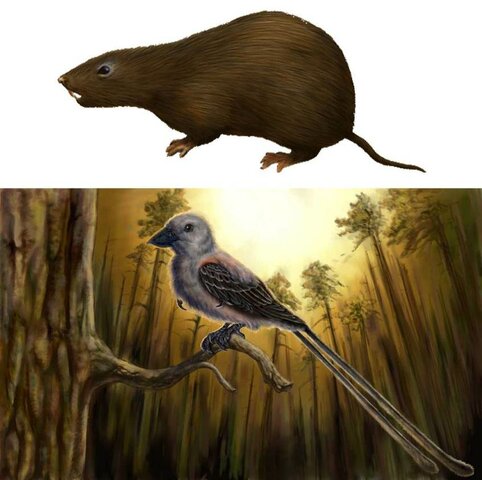 208 millones de años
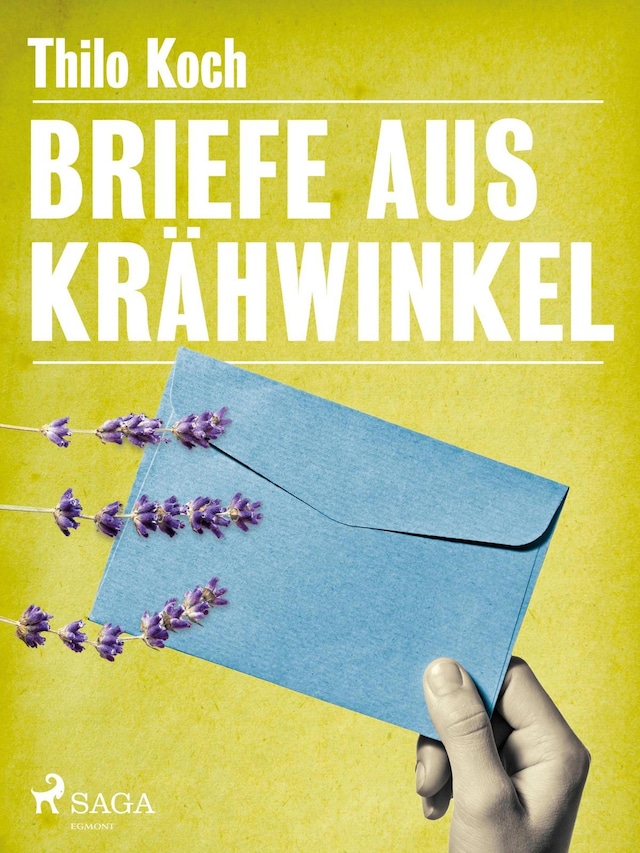 Book cover for Briefe aus Krähwinkel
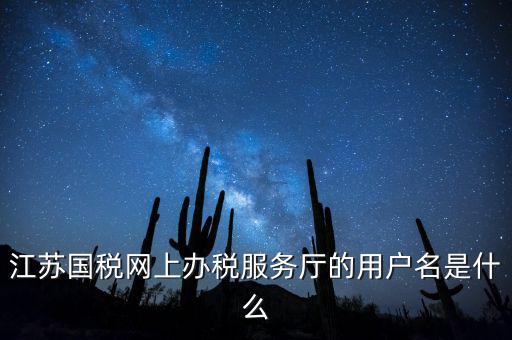江蘇國稅用戶名密碼是什么，江蘇國稅網(wǎng)上辦稅服務(wù)廳的用戶名是什么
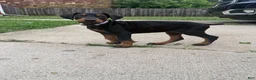 Doberman Pinscher dogs for sale: Kyoshi - Ad 2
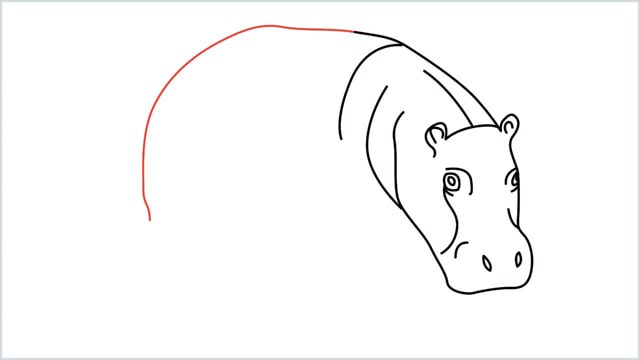 how to draw a hippo step (7)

## Problem description
Copy the entries exactly. Leave the pictures out.

## The completed task
 208 millones de años
 Book cover for Briefe aus Krähwinkel
江蘇國稅用戶名密碼是什么，江蘇國稅網(wǎng)上辦稅服務(wù)廳的用戶名是什么
 Doberman Pinscher dogs for sale: Kyoshi - Ad 2
 how to draw a hippo step (7)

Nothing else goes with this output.